RECORD EXTRACTS —
◆ ◆ ◆

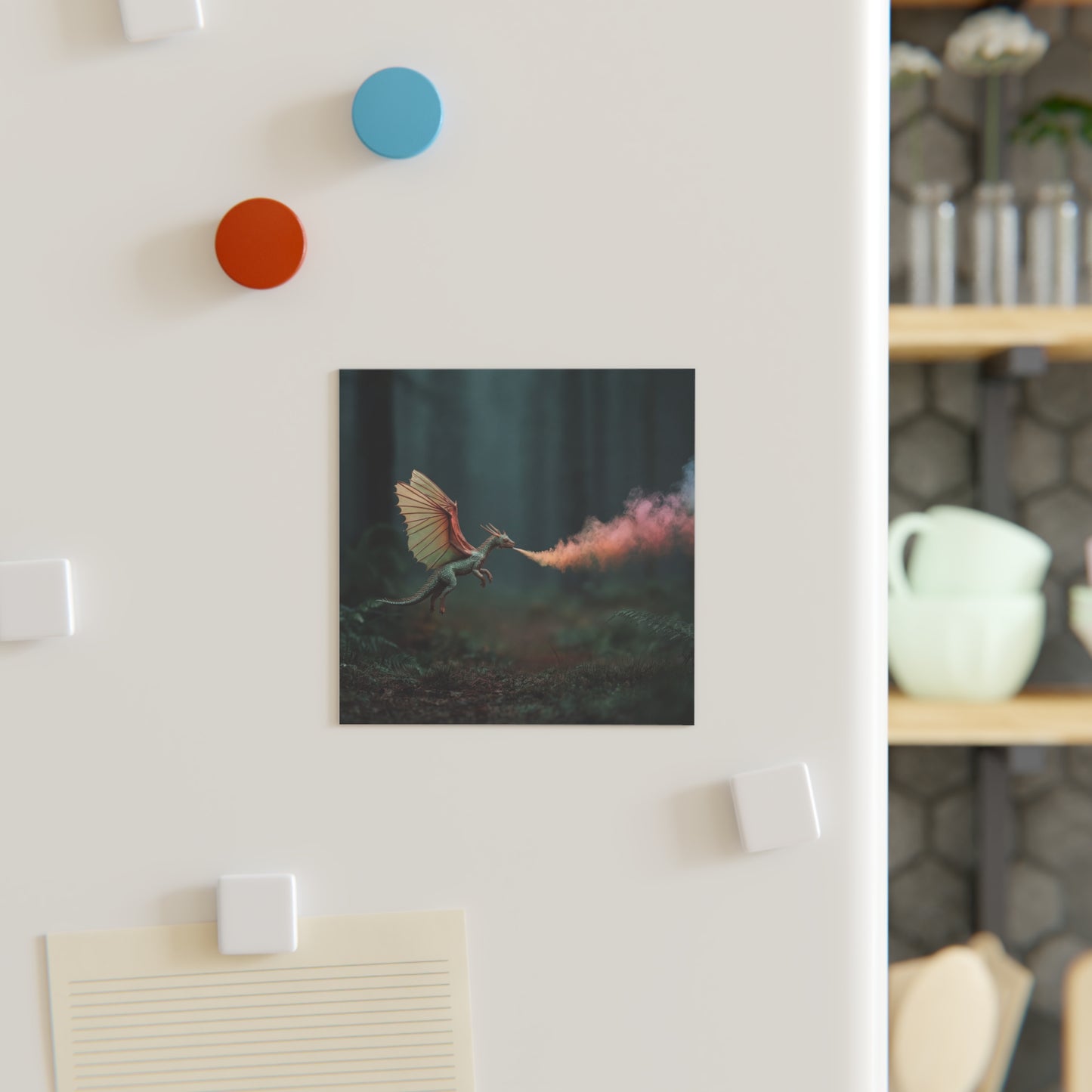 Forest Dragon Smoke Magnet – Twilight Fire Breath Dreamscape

◆ ◆ ◆

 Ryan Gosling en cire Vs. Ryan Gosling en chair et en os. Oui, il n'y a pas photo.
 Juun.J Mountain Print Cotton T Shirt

◆ ◆ ◆

ACTIVITY — Above is a listing; print exactly its lines from the one with "Ryan Gosling en cire" through the one with "Juun.J Mountain Print Cotton T Shirt", and no other lines.

SOLUTION —
 Ryan Gosling en cire Vs. Ryan Gosling en chair et en os. Oui, il n'y a pas photo.
 Juun.J Mountain Print Cotton T Shirt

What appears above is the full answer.